Voleurs d’eau ? Qui sont les voleurs d’eau ? Pour Colin Ward, les voleurs d’eau sont ceux qui transforment l’eau, un bien commun, en marchandise. Les voleurs d’eau, ce sont ceux qui participent du gros business de l’eau et qui en profitent : experts, consultants, entreprises de travaux, banques et organismes de financements internationaux. Ce sont aussi les gouvernements d’inspiration libérale et, dans les pays en développement, les gouvernements souvent autoritaires, appliquant des modèles de développement pharaoniques et dispendieux, et peu soucieux de satisfaire les besoins en eau des plus pauvres.

L’eau est un bien commun indispensable à la vie, pour la boisson comme pour l’hygiène, et chacun, quels que soient ses moyens, doit y avoir accès. Ce n’est pas la politique des Water Utilities britanniques, sociétés ayant bénéficié de la privatisation de l’eau en Grande-Bretagne, mise en œuvre par le gouvernement Thatcher dans les années quatre-vingt. Ces sociétés n’ont pas hésité à couper l’eau à des milliers de foyers, incapables de suivre la hausse des prix qu’elles imposaient. La situation actuelle en Grande-Bretagne ressemble ainsi à celle qui prévalait dans ce pays au début du XIXe siècle où, comme le rappelle Colin Ward, des mères de famille étaient poursuivies pour « vol d’eau ». Les voleurs d’eau ne sont évidemment pas les pauvres, qui font valoir leur droit à l’eau mais ceux qui accaparent les ressources pour leur propre compte ou ceux qui les exploitent et les épuisent pour des activités contraires à l’intérêt commun.
Satisfaire les besoins en eau des plus pauvres n’est pas non plus l’objectif principal de la plupart des grands projets hydrauliques. De l’aménagement de la Tennessee Valley, débuté dans les années trente aux États-Unis, au barrage d’Assouan bâti sur le Nil au début des années soixante, en passant par le projet de barrage des Trois Gorges en Chine sur le Yangzhou, Colin Ward passe en revue l’impact environnemental et surtout social des grands barrages, en mettant en évidence le caractère autoritaire de leur implantation, et surtout le modèle de développement qu’ils inspirent. Outre la production d’électricité, l’irrigation de vastes périmètres consacrés aux cultures exportatrices, comme le coton, est généralement l’objectif recherché, au mépris des systèmes de production locaux, peut-être modestes, mais capables d’assurer la subsistance de la population.

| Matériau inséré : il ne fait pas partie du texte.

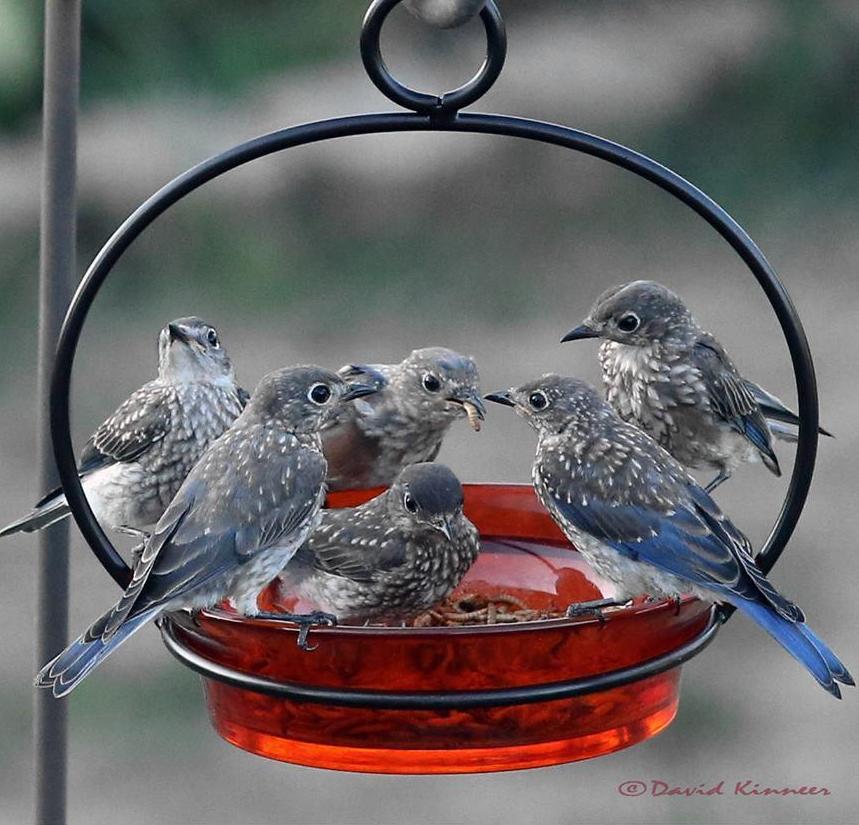 Hanging water bowl for birds hotsell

Face à cette logique, Colin Ward plaide pour une gestion des ressources qui soit contrôlée par les « collectivités humaines ». C’est la condition pour que cette gestion soit équitable et responsable, respectueuse de l’environnement et des besoins réels non seulement des membres de cette collectivité, mais également des autres collectivités utilisatrices de la même ressource. Les exemples de contrôle populaire des ressources en eau cités par Colin Ward sont nombreux et anciens, de la Chine antique à l’Espagne républicaine. L’histoire de l’eau en Espagne illustre bien, d’ailleurs, la richesse des savoir-faire techniques et sociaux déployés dans ce pays aride pour maîtriser et gérer les ressources, mais aussi les délires auxquels peut conduire la logique productiviste dans leur exploitation. Les exemples abondent, depuis les extraordinaires systèmes hydrauliques construits par les Maures au Moyen-Âge, jusqu’au plan hydrologique national actuel, en passant par les comunidades de regantes, exemple remarquable, selon l’auteur, d’une autogestion populaire des ressources en eau.

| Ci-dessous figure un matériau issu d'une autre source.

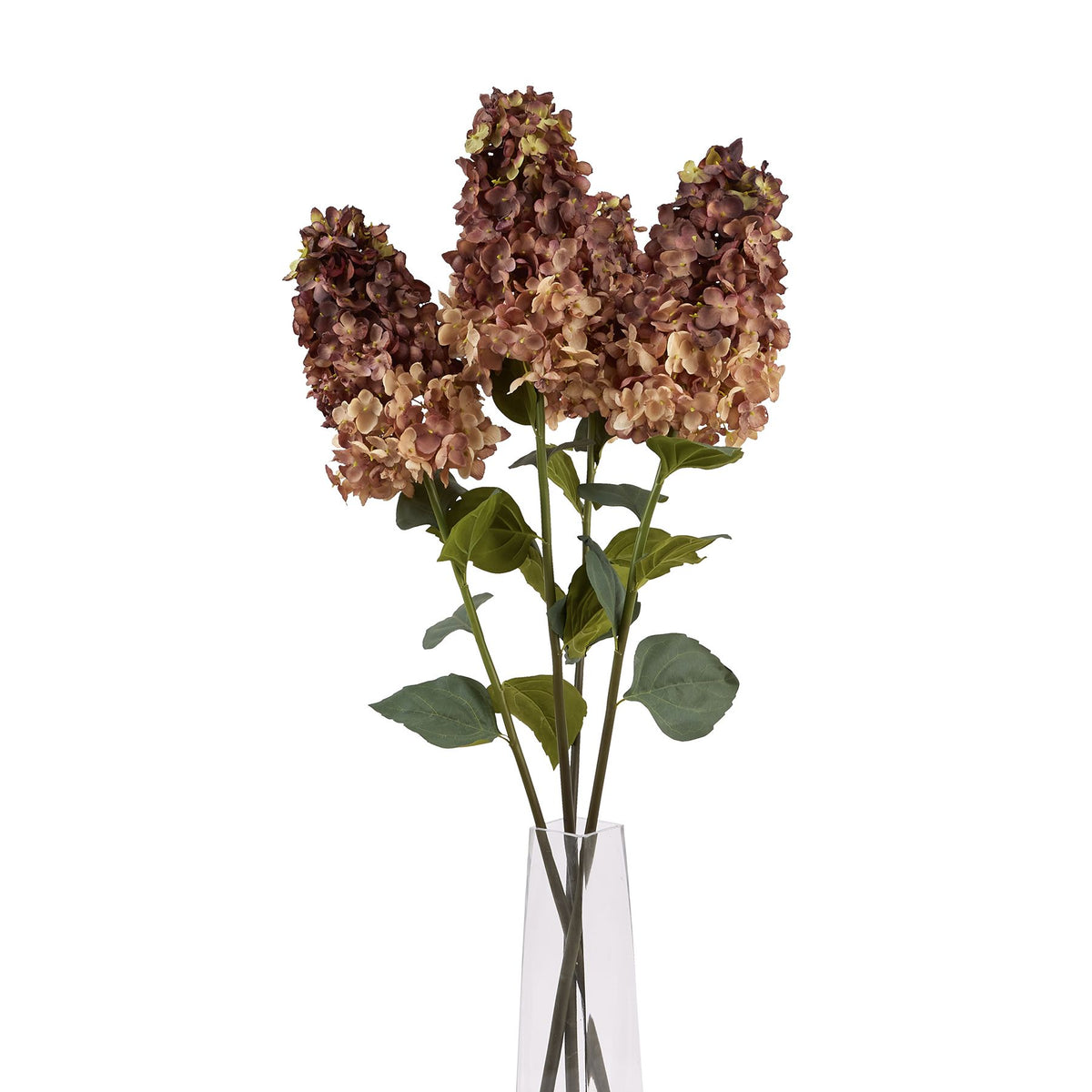 Burgundy Spear Hydrangea by SEDERVA - image 5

L’eau comme bien commun et le contrôle populaire des ressources par les « collectivités humaines » sont indissociables pour Colin Ward, comme les deux faces d’une même pièce. L’auteur ne livre pourtant pas, dans cet ouvrage, sa représentation des modalités d’un contrôle populaire correspondant aux enjeux actuels, ni de l’organisation d’une « collectivité humaine » pouvant exercer un tel contrôle. C’est que l’enjeux est de taille et d’une grande actualité. L’idée de l’eau comme bien commun a beaucoup progressé ces dernières années, moins sous l’angle de la fourniture de l’eau potable, que sous celui de la protection du milieu naturel. Tout le monde est aujourd’hui convaincu de l’importance de la protection des écosystèmes aquatiques, contre la pollution due aux rejets d’eaux usées et de substances toxiques, mais également contre la pollution diffuse d’origine agricole par les nitrates et les pesticides. Même un sujet aussi difficile que celui de la protection d’écosystèmes particuliers comme les zones humides, marais ou secteurs inondables, s’impose progressivement dans les projets d’aménagement locaux.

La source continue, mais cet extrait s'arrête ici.